### DATA
________________________________________

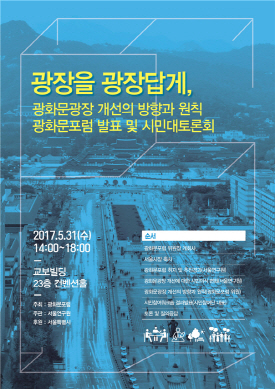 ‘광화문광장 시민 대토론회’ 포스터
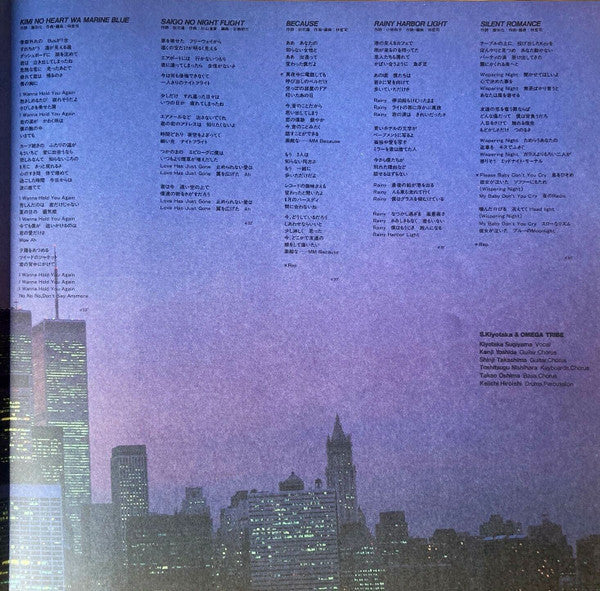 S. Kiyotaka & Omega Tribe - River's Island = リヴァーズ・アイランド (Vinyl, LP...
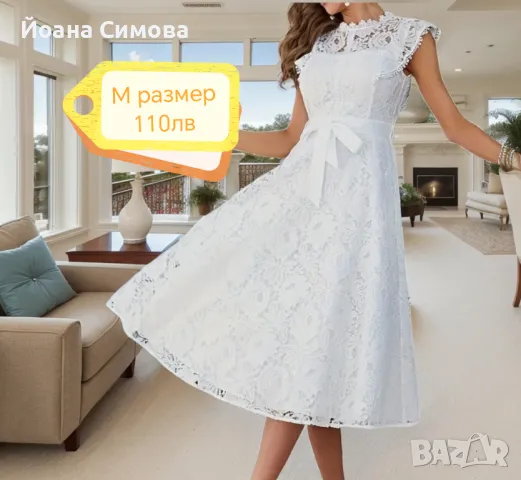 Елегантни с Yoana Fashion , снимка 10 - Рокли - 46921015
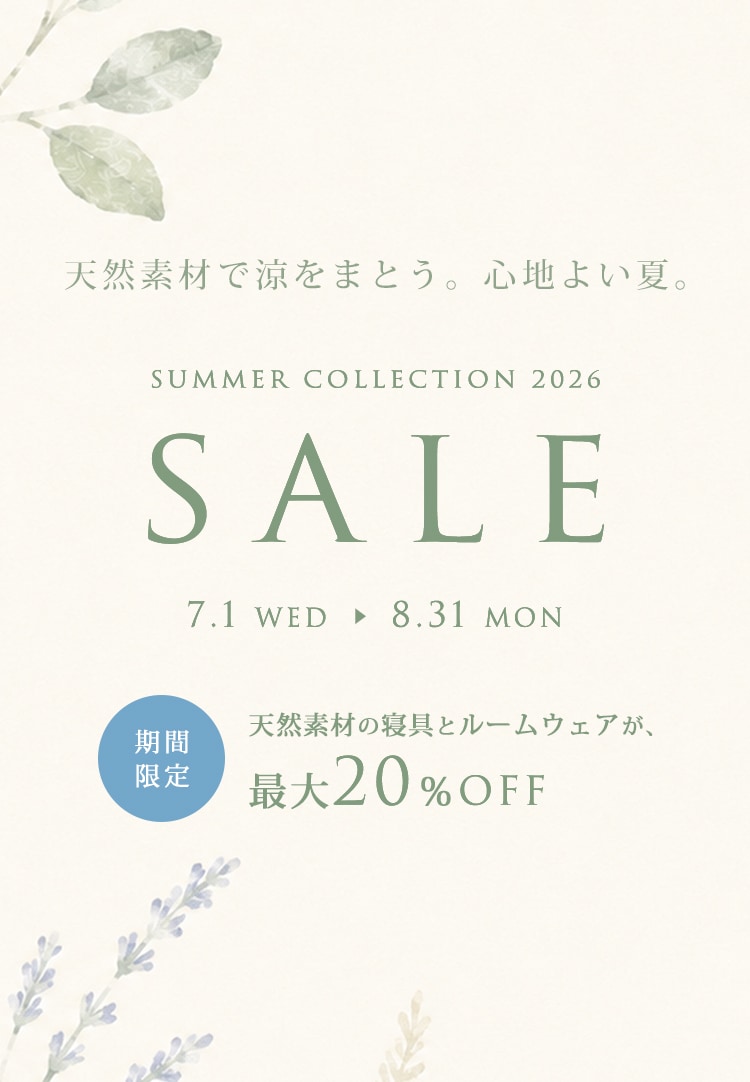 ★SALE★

________________________________________

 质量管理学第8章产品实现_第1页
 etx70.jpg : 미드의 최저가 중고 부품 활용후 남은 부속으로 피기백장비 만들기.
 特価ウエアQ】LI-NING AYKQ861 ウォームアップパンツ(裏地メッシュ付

________________________________________

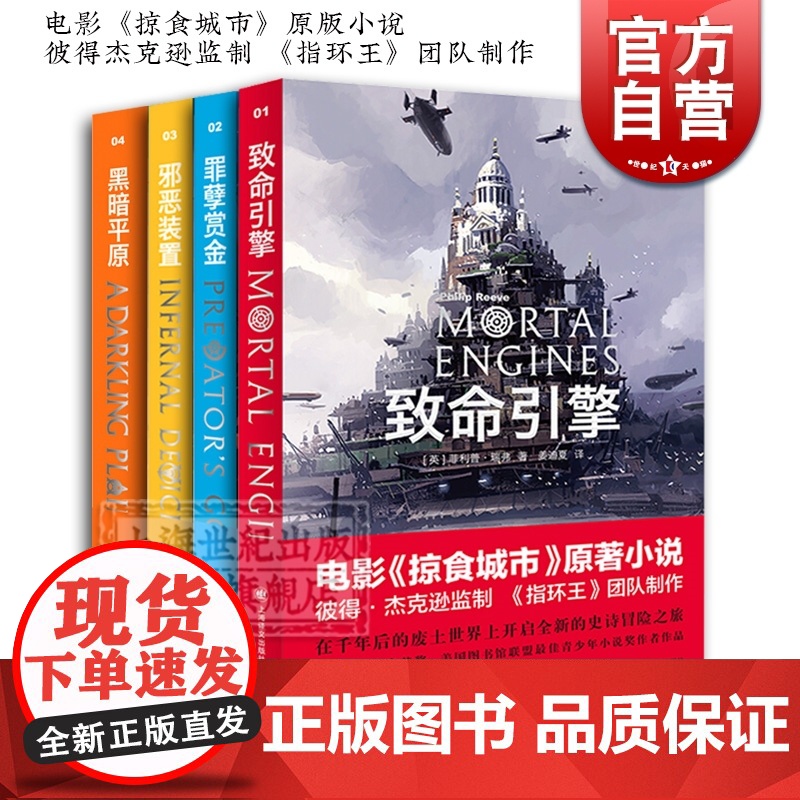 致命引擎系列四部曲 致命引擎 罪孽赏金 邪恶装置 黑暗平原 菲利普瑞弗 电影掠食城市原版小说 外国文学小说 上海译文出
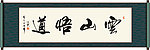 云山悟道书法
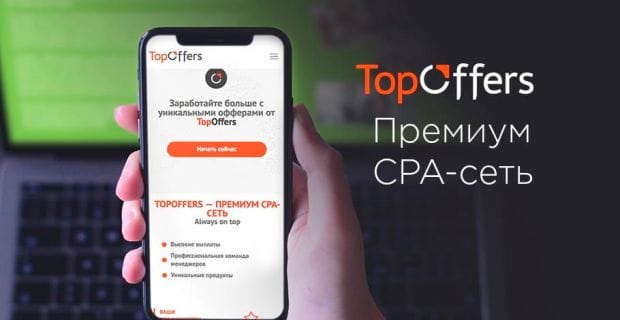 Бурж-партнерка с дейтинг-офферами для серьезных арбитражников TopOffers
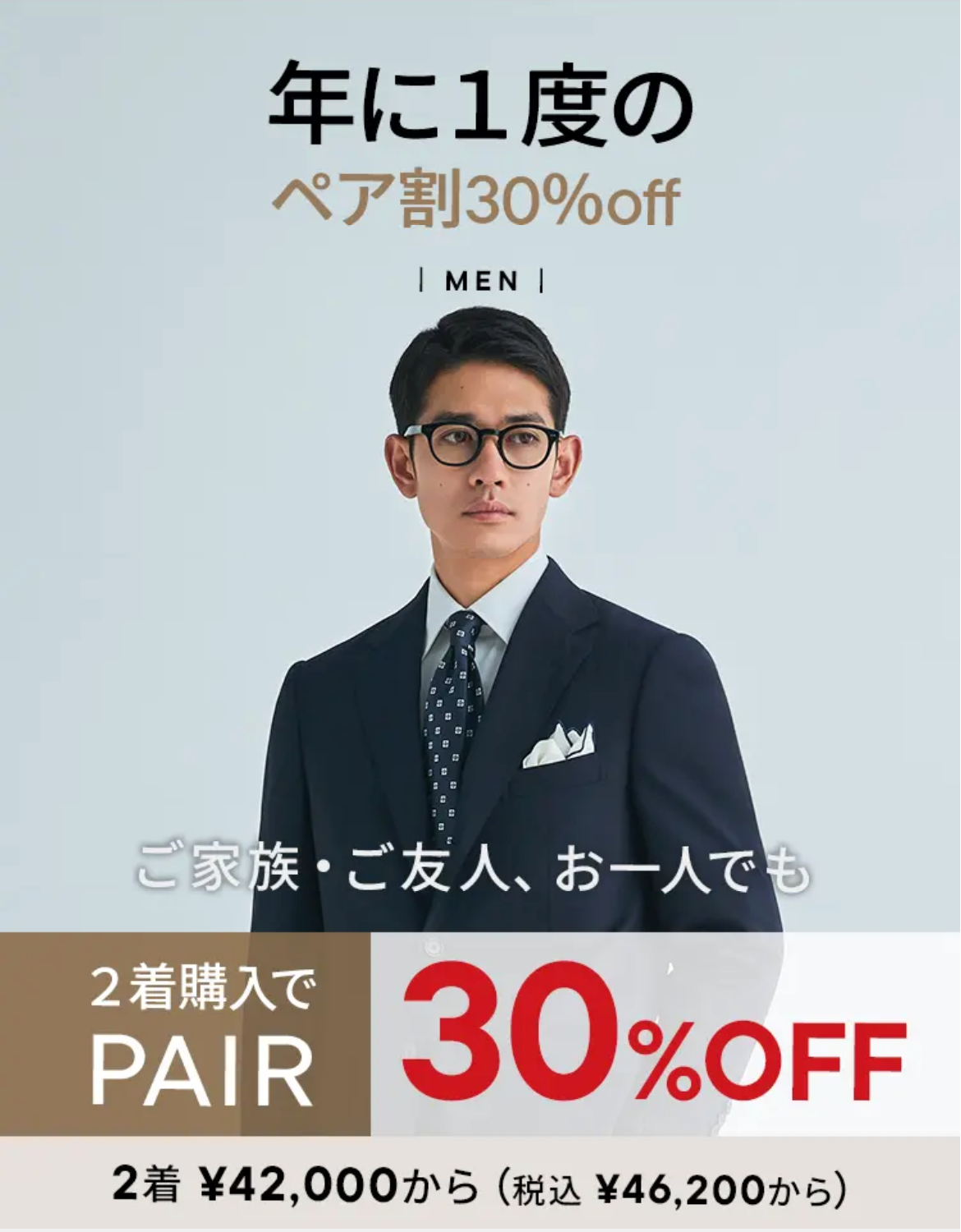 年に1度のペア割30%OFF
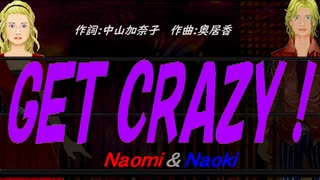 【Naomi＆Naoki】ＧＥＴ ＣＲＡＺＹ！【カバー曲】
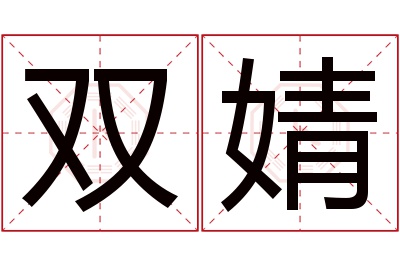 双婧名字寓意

________________________________________

### PROBLEM REQUIREMENTS
Take exactly the lines from the one containing "质量管理学第8章产品实现_第1页" through the one containing "特価ウエアQ】LI-NING AYKQ861 ウォームアップパンツ(裏地メッシュ付" in the data above, and output them with nothing added.

### WRITTEN SOLUTION
 质量管理学第8章产品实现_第1页
 etx70.jpg : 미드의 최저가 중고 부품 활용후 남은 부속으로 피기백장비 만들기.
 特価ウエアQ】LI-NING AYKQ861 ウォームアップパンツ(裏地メッシュ付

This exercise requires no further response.